::: GIVEN ENTRIES :::

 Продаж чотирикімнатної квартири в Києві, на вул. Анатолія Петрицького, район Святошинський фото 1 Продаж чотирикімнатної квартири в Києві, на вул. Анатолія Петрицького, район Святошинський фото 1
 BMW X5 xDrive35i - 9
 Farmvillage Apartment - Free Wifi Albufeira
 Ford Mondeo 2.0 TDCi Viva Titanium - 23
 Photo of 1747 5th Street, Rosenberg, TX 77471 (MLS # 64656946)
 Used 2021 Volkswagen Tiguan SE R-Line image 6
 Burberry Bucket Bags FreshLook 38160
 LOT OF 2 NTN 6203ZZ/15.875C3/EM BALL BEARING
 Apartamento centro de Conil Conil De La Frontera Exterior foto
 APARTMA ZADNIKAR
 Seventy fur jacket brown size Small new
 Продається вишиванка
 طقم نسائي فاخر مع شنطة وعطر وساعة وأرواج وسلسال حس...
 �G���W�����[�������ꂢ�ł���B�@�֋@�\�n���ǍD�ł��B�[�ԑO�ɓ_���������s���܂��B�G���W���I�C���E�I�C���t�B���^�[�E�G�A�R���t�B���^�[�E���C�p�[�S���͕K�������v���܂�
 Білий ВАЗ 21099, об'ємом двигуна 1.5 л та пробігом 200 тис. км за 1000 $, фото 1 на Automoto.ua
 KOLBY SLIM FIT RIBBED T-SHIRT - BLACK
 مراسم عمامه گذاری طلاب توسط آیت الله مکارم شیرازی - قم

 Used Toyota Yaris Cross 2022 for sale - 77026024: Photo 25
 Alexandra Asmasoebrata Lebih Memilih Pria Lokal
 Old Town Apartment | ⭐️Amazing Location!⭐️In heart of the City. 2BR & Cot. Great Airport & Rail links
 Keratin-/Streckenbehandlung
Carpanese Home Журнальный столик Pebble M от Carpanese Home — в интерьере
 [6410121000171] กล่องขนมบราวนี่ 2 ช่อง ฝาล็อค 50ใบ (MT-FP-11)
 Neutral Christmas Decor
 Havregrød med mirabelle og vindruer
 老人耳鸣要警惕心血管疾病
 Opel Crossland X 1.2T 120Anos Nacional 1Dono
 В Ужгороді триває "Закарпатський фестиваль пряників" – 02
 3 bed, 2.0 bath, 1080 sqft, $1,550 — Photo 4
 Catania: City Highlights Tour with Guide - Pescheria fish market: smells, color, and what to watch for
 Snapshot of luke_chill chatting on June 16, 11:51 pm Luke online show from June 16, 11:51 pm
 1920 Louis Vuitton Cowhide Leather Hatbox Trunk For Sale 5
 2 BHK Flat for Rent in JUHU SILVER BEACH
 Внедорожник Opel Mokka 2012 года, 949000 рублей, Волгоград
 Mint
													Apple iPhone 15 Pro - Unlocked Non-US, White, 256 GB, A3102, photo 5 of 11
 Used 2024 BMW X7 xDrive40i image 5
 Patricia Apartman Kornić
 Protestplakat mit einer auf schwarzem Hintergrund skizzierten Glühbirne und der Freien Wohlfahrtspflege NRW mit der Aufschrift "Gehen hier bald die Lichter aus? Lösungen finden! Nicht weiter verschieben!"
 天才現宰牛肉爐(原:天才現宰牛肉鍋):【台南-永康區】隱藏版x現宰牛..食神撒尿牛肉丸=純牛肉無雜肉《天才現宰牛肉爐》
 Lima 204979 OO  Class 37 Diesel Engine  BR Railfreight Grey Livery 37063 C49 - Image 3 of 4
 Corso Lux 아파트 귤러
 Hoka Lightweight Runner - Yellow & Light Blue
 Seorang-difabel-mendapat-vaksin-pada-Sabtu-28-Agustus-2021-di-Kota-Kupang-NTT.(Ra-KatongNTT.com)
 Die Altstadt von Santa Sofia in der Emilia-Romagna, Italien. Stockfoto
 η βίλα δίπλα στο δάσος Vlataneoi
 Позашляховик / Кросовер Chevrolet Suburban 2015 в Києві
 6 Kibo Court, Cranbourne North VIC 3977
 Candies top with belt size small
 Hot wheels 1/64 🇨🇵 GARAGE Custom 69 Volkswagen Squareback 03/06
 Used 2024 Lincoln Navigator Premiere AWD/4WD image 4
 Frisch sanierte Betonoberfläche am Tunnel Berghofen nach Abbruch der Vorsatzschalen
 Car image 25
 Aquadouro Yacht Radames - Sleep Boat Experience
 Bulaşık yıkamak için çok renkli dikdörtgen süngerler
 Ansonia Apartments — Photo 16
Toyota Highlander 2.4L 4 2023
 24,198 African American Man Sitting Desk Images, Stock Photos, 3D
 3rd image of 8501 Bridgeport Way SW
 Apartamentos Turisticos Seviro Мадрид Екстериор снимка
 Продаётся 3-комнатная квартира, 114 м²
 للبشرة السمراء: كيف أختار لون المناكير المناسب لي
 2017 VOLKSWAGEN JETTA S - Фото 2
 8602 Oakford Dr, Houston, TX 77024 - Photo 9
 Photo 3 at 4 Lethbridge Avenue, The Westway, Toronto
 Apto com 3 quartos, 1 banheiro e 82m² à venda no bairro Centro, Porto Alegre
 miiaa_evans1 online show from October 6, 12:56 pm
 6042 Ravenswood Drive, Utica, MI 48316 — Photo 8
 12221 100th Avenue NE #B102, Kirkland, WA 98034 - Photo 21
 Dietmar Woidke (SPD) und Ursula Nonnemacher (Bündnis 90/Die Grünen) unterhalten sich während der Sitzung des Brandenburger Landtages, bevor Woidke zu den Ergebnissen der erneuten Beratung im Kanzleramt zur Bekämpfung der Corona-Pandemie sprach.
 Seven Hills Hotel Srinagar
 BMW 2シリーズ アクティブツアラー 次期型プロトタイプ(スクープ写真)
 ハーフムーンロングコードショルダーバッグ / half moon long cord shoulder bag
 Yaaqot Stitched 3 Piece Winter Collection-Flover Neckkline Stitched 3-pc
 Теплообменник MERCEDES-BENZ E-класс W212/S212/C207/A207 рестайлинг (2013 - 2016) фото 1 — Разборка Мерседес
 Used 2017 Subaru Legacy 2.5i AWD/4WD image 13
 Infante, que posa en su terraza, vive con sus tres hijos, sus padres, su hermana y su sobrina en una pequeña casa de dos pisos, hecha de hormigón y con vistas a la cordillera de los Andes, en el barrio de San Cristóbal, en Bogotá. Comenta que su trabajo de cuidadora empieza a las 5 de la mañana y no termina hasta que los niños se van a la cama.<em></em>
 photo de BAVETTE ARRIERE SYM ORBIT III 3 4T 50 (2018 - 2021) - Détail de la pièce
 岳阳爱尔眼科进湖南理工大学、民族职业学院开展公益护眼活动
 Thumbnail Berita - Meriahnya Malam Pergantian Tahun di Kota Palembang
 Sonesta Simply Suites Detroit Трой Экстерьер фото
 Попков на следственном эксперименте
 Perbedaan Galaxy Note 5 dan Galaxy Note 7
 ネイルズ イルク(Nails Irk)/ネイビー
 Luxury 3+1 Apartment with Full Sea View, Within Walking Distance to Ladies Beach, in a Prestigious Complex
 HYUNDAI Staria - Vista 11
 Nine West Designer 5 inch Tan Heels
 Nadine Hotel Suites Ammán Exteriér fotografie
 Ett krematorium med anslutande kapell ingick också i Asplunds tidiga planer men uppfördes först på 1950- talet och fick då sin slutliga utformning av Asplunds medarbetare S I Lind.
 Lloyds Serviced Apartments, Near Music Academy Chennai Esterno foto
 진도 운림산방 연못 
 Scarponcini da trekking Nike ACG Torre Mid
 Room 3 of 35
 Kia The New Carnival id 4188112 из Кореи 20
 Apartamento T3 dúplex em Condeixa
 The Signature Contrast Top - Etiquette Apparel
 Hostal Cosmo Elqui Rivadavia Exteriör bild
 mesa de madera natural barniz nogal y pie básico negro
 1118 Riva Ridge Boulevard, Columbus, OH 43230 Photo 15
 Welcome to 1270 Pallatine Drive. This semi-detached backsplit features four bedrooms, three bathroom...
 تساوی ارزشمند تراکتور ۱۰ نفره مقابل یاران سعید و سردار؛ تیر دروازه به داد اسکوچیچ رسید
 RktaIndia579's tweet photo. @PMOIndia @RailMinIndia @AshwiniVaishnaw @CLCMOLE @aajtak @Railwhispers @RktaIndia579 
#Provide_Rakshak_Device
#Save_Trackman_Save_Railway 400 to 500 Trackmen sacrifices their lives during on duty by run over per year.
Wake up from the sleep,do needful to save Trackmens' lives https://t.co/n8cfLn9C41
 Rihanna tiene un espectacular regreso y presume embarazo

:::

▶ _THE PROBLEM_
All that is wanted is an exact copy of the lines above from the one with "[6410121000171] กล่องขนมบราวนี่ 2" through the one with "Patricia Apartman Kornić", with both ends included.

▶ _RESULT OF THIS TASK_
 [6410121000171] กล่องขนมบราวนี่ 2 ช่อง ฝาล็อค 50ใบ (MT-FP-11)
 Neutral Christmas Decor
 Havregrød med mirabelle og vindruer
 老人耳鸣要警惕心血管疾病
 Opel Crossland X 1.2T 120Anos Nacional 1Dono
 В Ужгороді триває "Закарпатський фестиваль пряників" – 02
 3 bed, 2.0 bath, 1080 sqft, $1,550 — Photo 4
 Catania: City Highlights Tour with Guide - Pescheria fish market: smells, color, and what to watch for
 Snapshot of luke_chill chatting on June 16, 11:51 pm Luke online show from June 16, 11:51 pm
 1920 Louis Vuitton Cowhide Leather Hatbox Trunk For Sale 5
 2 BHK Flat for Rent in JUHU SILVER BEACH
 Внедорожник Opel Mokka 2012 года, 949000 рублей, Волгоград
 Mint
													Apple iPhone 15 Pro - Unlocked Non-US, White, 256 GB, A3102, photo 5 of 11
 Used 2024 BMW X7 xDrive40i image 5
 Patricia Apartman Kornić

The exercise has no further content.